**Supplied data:**
*****

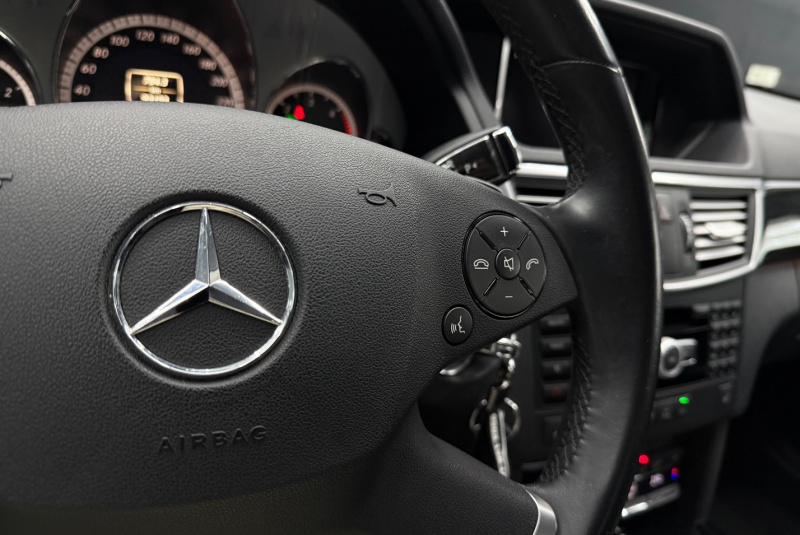 Ponuka vozidiel / Mercedes-Benz E trieda Sedan 220 CDI Blue Avantgarde 7G - video Ponuka vozidiel / Mercedes-Benz E trieda Sedan 220 CDI Blue Avantgarde 7G - video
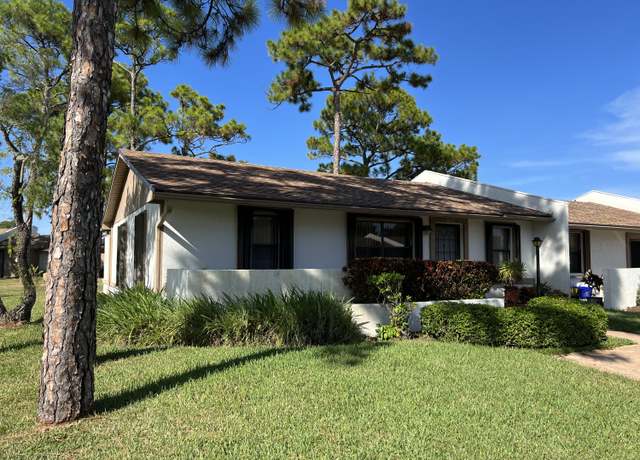 Property at 6117 Fairfield Cir, Greenacres, FL 33463, 2 beds, 2 baths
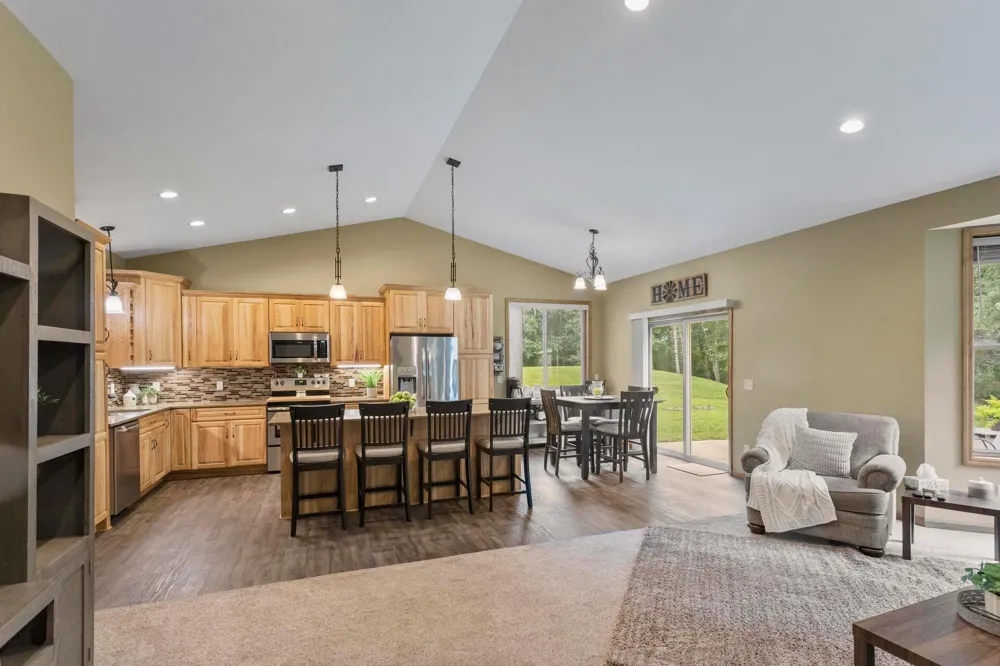 567 135th Street NW Monticello, MN 55362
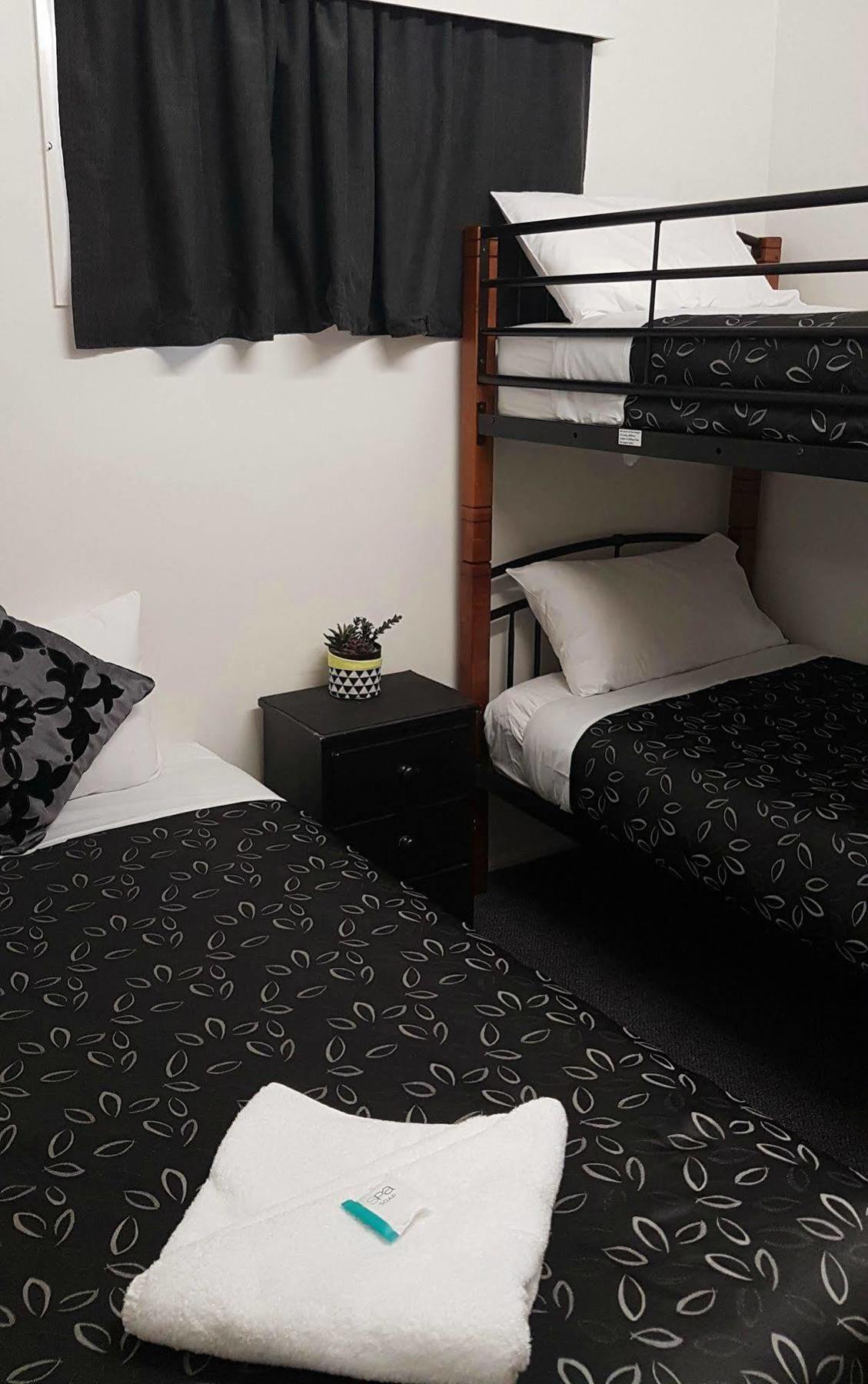 Charm City Motel Bundaberg Exteriér fotografie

*****

**Assignment:** Give back the full listing exactly as written, only without its pictures.

**Output for this exercise:**
 Ponuka vozidiel / Mercedes-Benz E trieda Sedan 220 CDI Blue Avantgarde 7G - video Ponuka vozidiel / Mercedes-Benz E trieda Sedan 220 CDI Blue Avantgarde 7G - video
 Property at 6117 Fairfield Cir, Greenacres, FL 33463, 2 beds, 2 baths
 567 135th Street NW Monticello, MN 55362
 Charm City Motel Bundaberg Exteriér fotografie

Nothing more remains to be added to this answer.